El número de víctimas aumenta mientras los equipos de rescate y búsqueda avanzan entre los escombros del Centro General de Mantenimiento del Regimiento de Artillería-2 “Bolívar”. La magnitud de la explosión ha dificultado la identificación de algunos de los fallecidos y la Policía informó sobre el hallazgo de restos humanos, entre ellos fragmentos de piel, huesos y tejido, que fueron trasladados bajo cadena de custodia a la morgue judicial para realizar análisis de laboratorio.
“Se han encontrado vértebras, huesos y piel de húmero; también parte de, posiblemente, la cavidad torácica”, explicó el coronel René Tambo, jefe de la División Homicidios de la Fuerza Especial de Lucha Contra el Crimen (Felcc), quien describió la recuperación de restos humanos como una tarea compleja.
Las explosiones ocurrieron el viernes en instalaciones militares del municipio andino de Viacha y provocaron además decenas de heridos y daños materiales en viviendas cercanas.
En las horas posteriores al siniestro se reportaron más de 70 heridos y el número de personas desaparecidas inicialmente era de 14, cifra que se redujo posteriormente a siete, de acuerdo con el último reporte del Ministerio de Defensa.

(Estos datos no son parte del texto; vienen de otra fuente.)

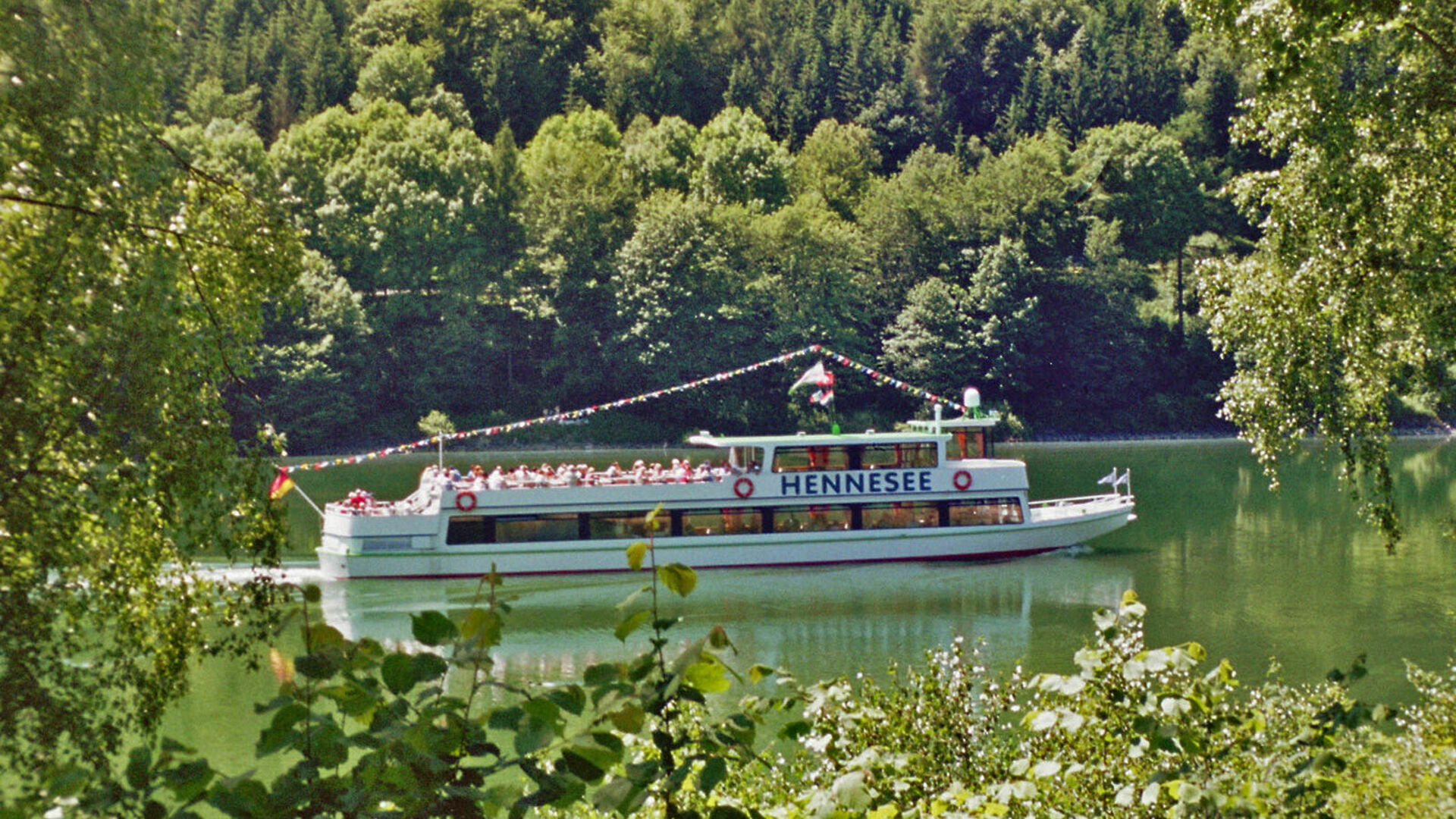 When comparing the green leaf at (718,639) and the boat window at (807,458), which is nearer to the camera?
the green leaf at (718,639)

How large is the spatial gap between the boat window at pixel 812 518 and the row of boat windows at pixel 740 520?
15 millimetres

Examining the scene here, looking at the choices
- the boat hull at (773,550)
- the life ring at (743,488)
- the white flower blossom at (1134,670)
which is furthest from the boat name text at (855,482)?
the white flower blossom at (1134,670)

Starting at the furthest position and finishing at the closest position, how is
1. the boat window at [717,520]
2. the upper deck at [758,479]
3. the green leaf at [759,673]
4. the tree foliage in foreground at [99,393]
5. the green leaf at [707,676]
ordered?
the boat window at [717,520], the upper deck at [758,479], the tree foliage in foreground at [99,393], the green leaf at [759,673], the green leaf at [707,676]

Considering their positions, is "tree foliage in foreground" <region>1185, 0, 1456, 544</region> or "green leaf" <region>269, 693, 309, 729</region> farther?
"tree foliage in foreground" <region>1185, 0, 1456, 544</region>

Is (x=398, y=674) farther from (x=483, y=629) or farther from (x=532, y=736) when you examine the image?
(x=532, y=736)

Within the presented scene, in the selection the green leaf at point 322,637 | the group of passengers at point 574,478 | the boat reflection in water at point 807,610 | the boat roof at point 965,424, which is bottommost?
the boat reflection in water at point 807,610

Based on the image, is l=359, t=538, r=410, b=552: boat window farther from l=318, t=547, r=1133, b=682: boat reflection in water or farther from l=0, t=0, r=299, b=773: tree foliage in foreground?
l=0, t=0, r=299, b=773: tree foliage in foreground

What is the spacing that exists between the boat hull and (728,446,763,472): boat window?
139 centimetres

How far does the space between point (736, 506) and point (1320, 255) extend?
1656 cm

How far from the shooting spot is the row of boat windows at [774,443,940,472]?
26.4m

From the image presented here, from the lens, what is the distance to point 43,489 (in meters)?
6.91

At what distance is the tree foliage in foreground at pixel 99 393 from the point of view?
267 inches

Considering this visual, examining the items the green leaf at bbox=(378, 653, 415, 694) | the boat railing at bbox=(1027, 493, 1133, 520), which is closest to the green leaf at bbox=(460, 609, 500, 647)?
the green leaf at bbox=(378, 653, 415, 694)

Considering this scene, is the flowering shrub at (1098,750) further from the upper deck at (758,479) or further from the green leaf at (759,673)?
the upper deck at (758,479)
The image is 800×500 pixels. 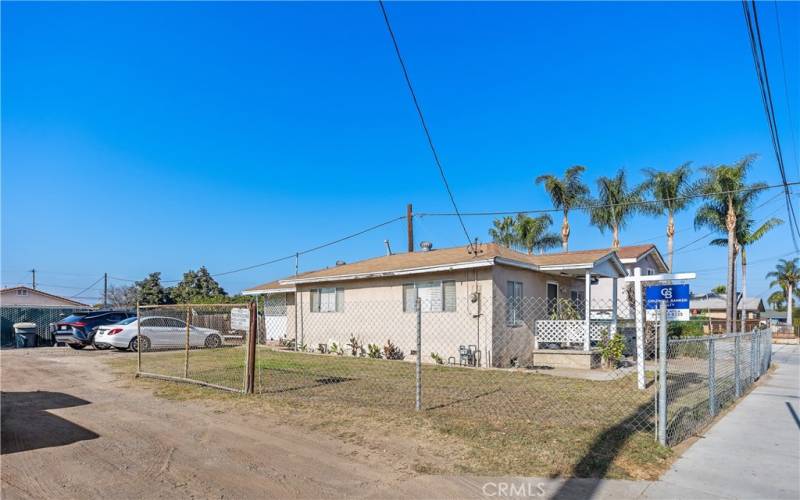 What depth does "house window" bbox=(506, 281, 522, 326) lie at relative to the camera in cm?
1499

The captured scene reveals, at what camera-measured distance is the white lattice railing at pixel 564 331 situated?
15.2 metres

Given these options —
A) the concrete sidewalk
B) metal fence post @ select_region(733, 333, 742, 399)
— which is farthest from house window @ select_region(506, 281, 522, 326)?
the concrete sidewalk

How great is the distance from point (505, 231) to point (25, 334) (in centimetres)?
3324

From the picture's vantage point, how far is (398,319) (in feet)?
54.8

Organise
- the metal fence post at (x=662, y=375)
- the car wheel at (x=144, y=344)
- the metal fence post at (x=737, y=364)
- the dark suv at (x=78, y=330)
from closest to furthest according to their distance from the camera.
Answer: the metal fence post at (x=662, y=375) → the metal fence post at (x=737, y=364) → the car wheel at (x=144, y=344) → the dark suv at (x=78, y=330)

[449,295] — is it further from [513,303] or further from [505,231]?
[505,231]

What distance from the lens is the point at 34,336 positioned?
2225 cm

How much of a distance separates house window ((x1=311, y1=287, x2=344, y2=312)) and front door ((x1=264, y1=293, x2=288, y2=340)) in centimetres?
338

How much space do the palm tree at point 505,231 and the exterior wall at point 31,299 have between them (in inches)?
1274

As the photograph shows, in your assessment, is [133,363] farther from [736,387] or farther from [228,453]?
[736,387]

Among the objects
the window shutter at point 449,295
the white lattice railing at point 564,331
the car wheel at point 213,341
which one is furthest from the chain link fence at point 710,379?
the car wheel at point 213,341

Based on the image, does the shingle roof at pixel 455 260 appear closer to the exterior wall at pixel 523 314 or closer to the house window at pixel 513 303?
the exterior wall at pixel 523 314

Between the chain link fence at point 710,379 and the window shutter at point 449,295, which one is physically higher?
the window shutter at point 449,295

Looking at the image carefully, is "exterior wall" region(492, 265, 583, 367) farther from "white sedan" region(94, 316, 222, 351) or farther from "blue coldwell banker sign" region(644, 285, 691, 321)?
"white sedan" region(94, 316, 222, 351) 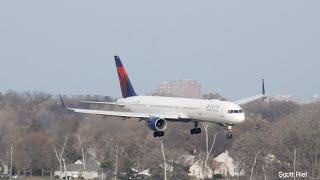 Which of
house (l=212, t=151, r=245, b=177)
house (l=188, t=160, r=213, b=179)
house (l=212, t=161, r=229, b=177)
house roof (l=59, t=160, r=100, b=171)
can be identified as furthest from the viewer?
house (l=212, t=151, r=245, b=177)

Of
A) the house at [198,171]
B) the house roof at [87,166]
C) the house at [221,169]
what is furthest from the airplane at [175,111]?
the house at [221,169]

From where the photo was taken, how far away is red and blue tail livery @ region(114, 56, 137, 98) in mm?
91431

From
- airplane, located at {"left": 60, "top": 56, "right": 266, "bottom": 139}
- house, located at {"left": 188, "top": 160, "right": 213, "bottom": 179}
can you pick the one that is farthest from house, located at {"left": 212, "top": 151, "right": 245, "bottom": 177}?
airplane, located at {"left": 60, "top": 56, "right": 266, "bottom": 139}

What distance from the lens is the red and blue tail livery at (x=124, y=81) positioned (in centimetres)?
9143

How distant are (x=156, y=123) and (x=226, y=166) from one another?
6249 cm

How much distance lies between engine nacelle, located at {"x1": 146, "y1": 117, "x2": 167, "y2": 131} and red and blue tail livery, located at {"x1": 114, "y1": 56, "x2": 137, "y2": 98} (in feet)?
33.1

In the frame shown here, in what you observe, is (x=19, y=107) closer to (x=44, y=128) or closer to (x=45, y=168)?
(x=44, y=128)

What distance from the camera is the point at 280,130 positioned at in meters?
130

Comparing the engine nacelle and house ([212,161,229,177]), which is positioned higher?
the engine nacelle

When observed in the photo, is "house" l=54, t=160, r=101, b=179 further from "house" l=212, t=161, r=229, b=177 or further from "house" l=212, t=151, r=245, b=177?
"house" l=212, t=151, r=245, b=177

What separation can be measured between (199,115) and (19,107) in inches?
674

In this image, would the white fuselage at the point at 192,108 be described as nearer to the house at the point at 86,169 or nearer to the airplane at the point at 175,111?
the airplane at the point at 175,111

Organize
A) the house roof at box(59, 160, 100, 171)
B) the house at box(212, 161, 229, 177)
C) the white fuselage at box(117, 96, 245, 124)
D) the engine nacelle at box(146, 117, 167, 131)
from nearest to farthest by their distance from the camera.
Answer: the white fuselage at box(117, 96, 245, 124)
the engine nacelle at box(146, 117, 167, 131)
the house roof at box(59, 160, 100, 171)
the house at box(212, 161, 229, 177)

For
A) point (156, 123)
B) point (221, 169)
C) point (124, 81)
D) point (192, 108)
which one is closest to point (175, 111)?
point (192, 108) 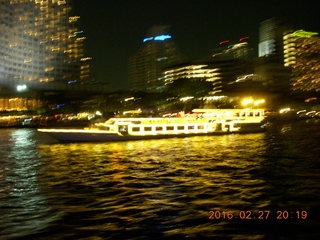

El Gobierno sostiene que el origen de las detonaciones todavía está bajo investigación. Según la explicación preliminar del ministro de Defensa, Ernesto Justiniano, la primera explosión habría involucrado pólvora negra correspondiente a material pirotécnico almacenado en el lugar. La segunda, de una magnitud considerablemente mayor, aún no tiene una causa determinada técnicamente.
Justiniano advirtió además que las tareas de búsqueda continúan bajo estrictas medidas de seguridad debido a la presencia de estructuras comprometidas y material explosivo que debe ser retirado por especialistas.
La explicación oficial ha sido cuestionada por distintas autoridades. El vicepresidente Edmand Lara afirmó que obtuvo un parte del Ejército en el que se consignan “dos detonaciones accidentales de munición” que involucraron “granadas de artillería”. Con base en ese documento, cuestionó la versión inicial que vinculaba el hecho con material pirotécnico y sostuvo que las granadas pudieron haber detonado por una mala manipulación. También cuestionó que soldados participaran en labores de mantenimiento de armamento sin la preparación necesaria.
En esa línea, el expresidente Carlos Mesa también cuestionó el nivel de seguridad de los recintos militares que almacenan material explosivo y pidió una “investigación exhaustiva” para determinar qué provocó la tragedia y quiénes fueron responsables.
Si bien las explosiones recientes revisten una gravedad mayor, hay antecedentes recientes que ponen en cuestión las condiciones de seguridad y control en los recintos militares bolivianos. En mayo hubo un incendio en otro regimiento de Viacha que el Ejército atribuyó a un cortocircuito. A esto se suman dos casos de robo de armamento y munición reportados en los últimos meses: uno en un Batallón de Infantería de Marina en Chua Cocani, a orillas del lago Titicaca, y otro en un regimiento militar de Santa Cruz, donde se reportó la desaparición de más de 33.000 cartuchos.